On June 30, the research team headed by GUO Guoji, HAN Xiaoping and WANG Jingjing at the Zhejiang University School of Medicine published an open-access article titled “An analytical framework for decoding cell type-specific genetic variation of gene regulation” in the journal Nature Communications.
Since the completion of Human Genome Project two decades ago, substantial progress has been made in the field of genomics. However, the vast majority of human genome sequences, consisting of 3 billion base pairs, are non-coding regions, and the human understanding of their potential functions is only the tip of the iceberg. In the past decade, a great deal of work has been committed to exploring the regulatory mechanisms of genetic expression on a genome-wide scale. Despite the fact that expression quantitative trait loci (eQTLs) and eGenes have considerably facilitated the functional interpretation of the genome-wide association study (GWAS) findings, a deeper understanding of the underlying biological mechanisms has been hindered by heterogeneous cellular compositions in bulk tissues.
GUO Guoji et al. made two major breakthroughs in methodology in their study. Firstly, they proposed a novel approach to inferring cell type-dependent eQTLs based on single-cell expression profiles. This approach aims to uncover more associations between non-coding mutations and genes concealed in traditional analyses. Secondly, they improved the existing deep learning model and developed an effective method for building a cell type-specific predictive model based on sing-cell expression profiles. By simulating base substitutions in DNA sequences, the model is able to predict the transcriptional-regulation-disrupting effect of mutations in each cell type. Finally, they integrated these methods into a framework called Huatuo and developed it into a user-friendly tool for researchers. This framework facilitates the exploration of cell landscapes and genome-wide genetic variations in cell type-specific regulation using scRNA-seq data from a small cohort of individuals.
To validate the feasibility of this analytical approach, the researchers systematically evaluated the predictive performance of the Huatuo model.
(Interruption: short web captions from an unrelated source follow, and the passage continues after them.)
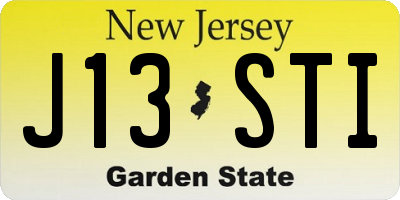 NJ license plate J13STI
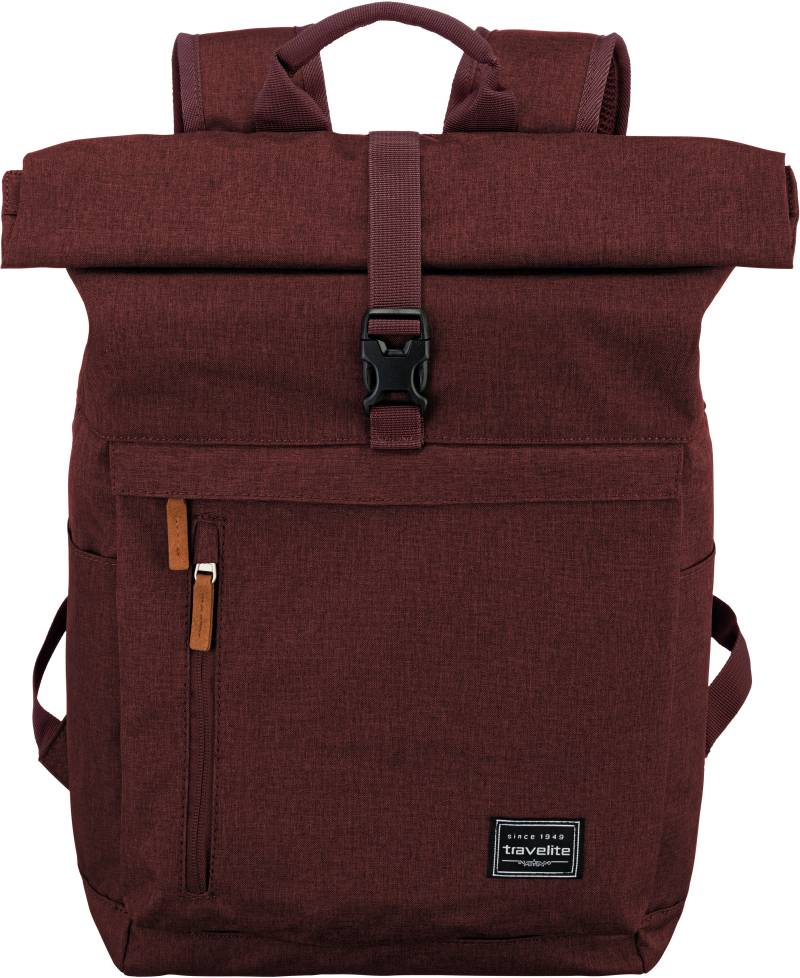 travelite Laptoprucksack »BASICS Rollup, bordeaux«, Freizeitrucksack Arbeitsrucksack Schulrucksack Reiserucksack von Travelite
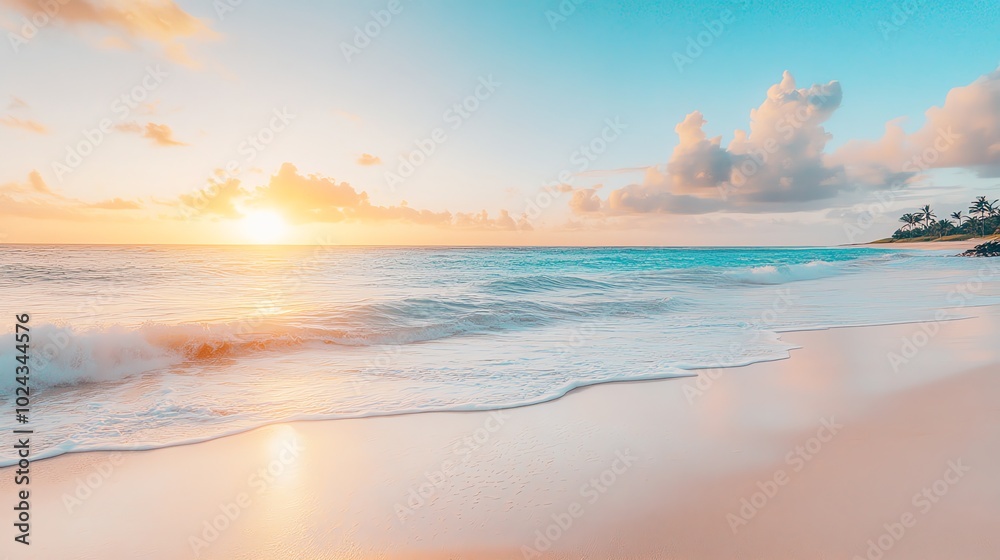 A serene beach scene with soft, golden light reflecting off the water at sunrise. A serene beach scene with soft, golden light reflecting off the water at sunrise.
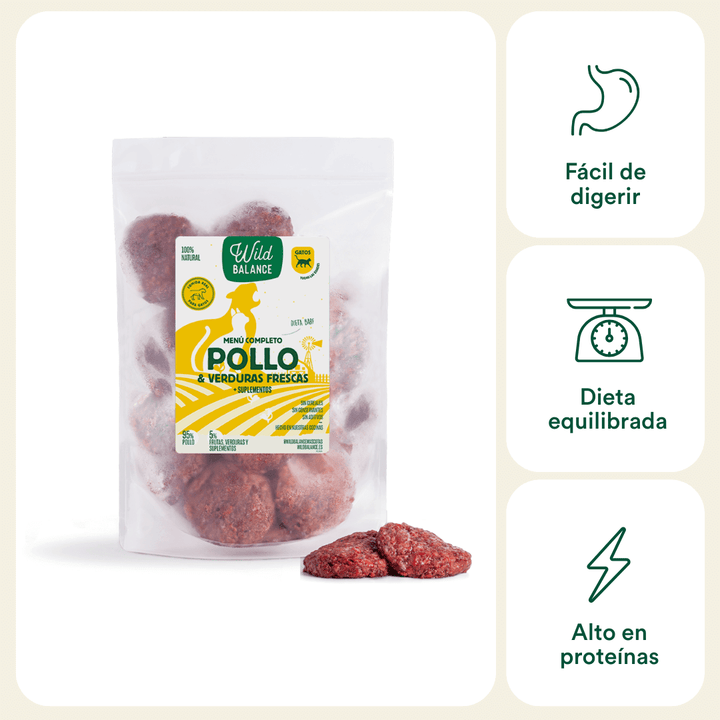 menú BARF de pollo con verduras para gatos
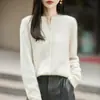 Cárdigan de punto de lana cepillada, suave y mullido, para mujer, cuello redondo, talla petite, color liso, corte holgado, adecuado para usar en capas.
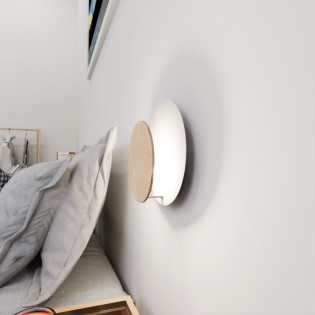 Wandleuchte Aura Weiß+Holz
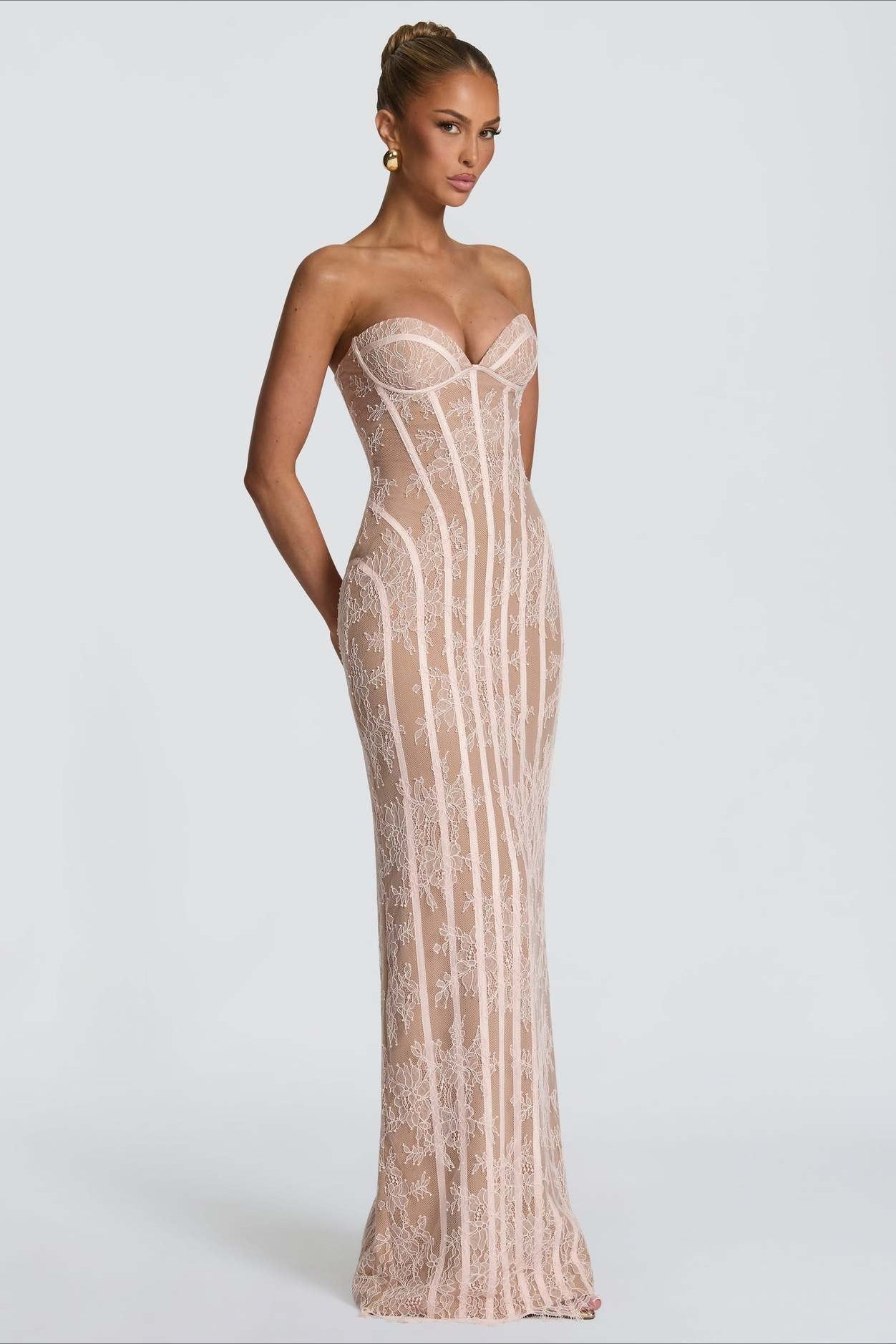 Strapless Lace Vertical Bodycon Maxi Lace Dress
They found that the Huatuo model could accurately predict the level of gene expression on the strength of DNA sequences. Across 357 cell clusters derived from 20 different tissues, the model achieved a median Pearson’s correlation coefficient (PCC) of 0.763 between the predicted and actually observed gene expression levels. Some cell clusters of the kidneys, stomachs and transverse colons even obtained a PCC higher than 0.80. In addition, to assess the plausibility of the prediction results, they also tested whether the model could reproduce eQTL results solely based on DNA sequences. Although some loci with very large transcriptional-regulation-disrupting effects may be rare due to negative selection effects, thus leading to a lack of statistical power of eQTLs, the results still showed a significant correlation between the highest absolute value of variant predictions and the maximum eQTL z-score within the same linkage disequilibrium (LD) block.
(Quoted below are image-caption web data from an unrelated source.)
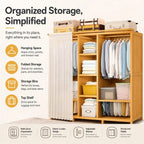 Bamboo Wardrobe Armoire With Curtain Doors and Tiered Storage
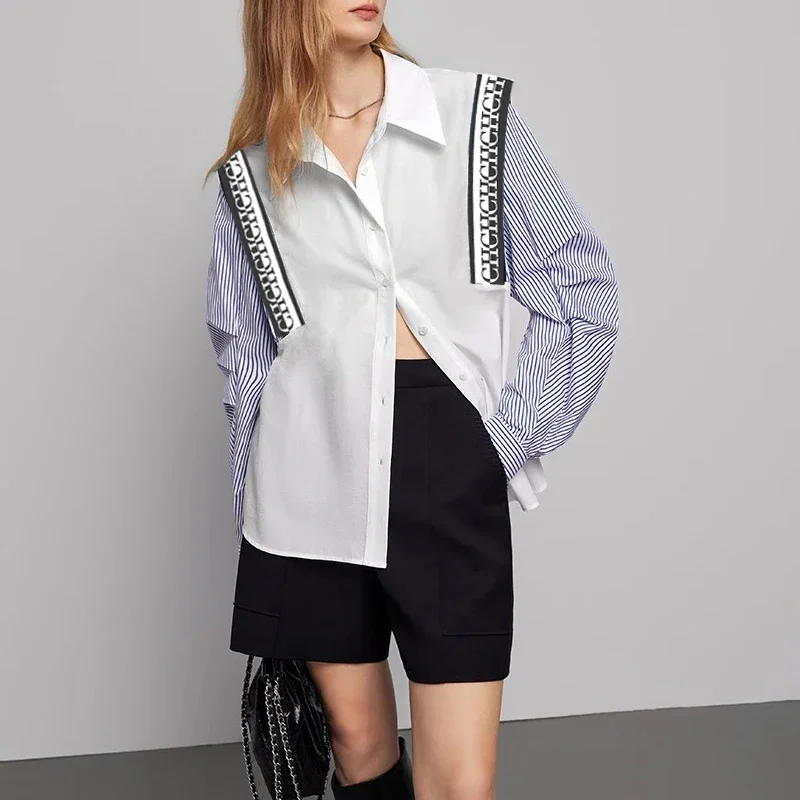 

Women's Casual Shirt Comfortable Simple Blue and White Classic Retro Long Sleeved Top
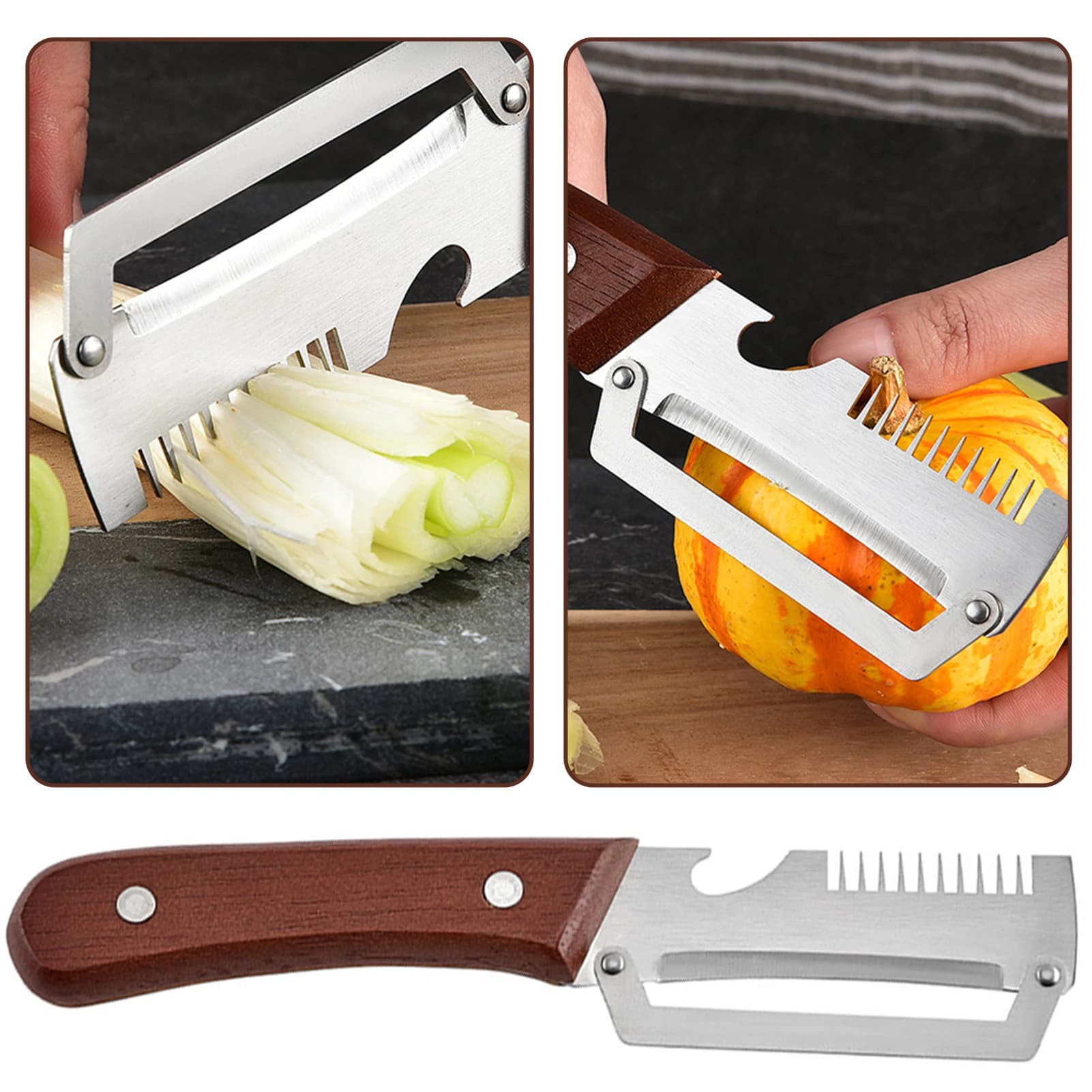 Pelapatate/grattugia/apribottiglie, pelapatate con manico in legno 2 in 1, utensile da cucina versatile con lame in acciaio inossidabile ultra affilate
Besides, the researchers also evaluated the analytical results of cell-dependent genetic associations. By performing Bayesian co-localization on 114 GWAS datasets, they found that the cell cluster-ieQTLs computed by Huatuo revealed co-localization signals that were undetectable using standard eQTLs. They then employed a “Silver Standard” dataset to examine the colocalized results. This colocalization analysis displayed a large number of colocalized signals that were not observed with standard eQTLs, indicative of significant enrichment for the gene-trait in the “silver standard” dataset. Overall, these results demonstrate the biological plausibility of the putative cell cluster-ieQTL results predicted by Huatuo.
Using the Huatuo framework, researchers hypothesized the regulatory effects of cell-dependent eQTLs as well as all common mutations in the population in different cell clusters. They constructed a comprehensive landscape of cell type-specific genetic variations for 44 major cell types. This landscape identified a total of 13,182 cell type-specific functional regulatory variants and 6,181 associated genes that are likely to be perturbed by the putative causal regulatory variants.
Thanks to 114 GWAS datasets, the researchers comprehensively assessed the contribution of the Huatuo landscape to the heritability of various complex diseases and traits. Based on the Huatuo landscape, they estimated the enrichment of SNP-based heritability at cell type-specific regulatory loci, demonstrating its potential in uncovering disease-driving cell types. Moreover, they provided insights into the functional mechanisms at the single-base and cell-type levels for fine mapping GWAS causal mutations. To better present these results, they created a database website for Huatuo genetic variants (http://bis-zju-edu-cn-s.webvpn.zju.edu.cn:8001/huatuo/) to facilitate the application of the generated data resources in future studies.
In brief, this study addresses the bottlenecks caused by technical deficiencies and sampling difficulties, and offers a new paradigm for decoding the function of non-coding mutations and studying disease genomes. These findings will push forward the field of functional genomics, thereby laying a foundation for elucidating cellular pathways critical for disease development and achieving precise and customized medicine.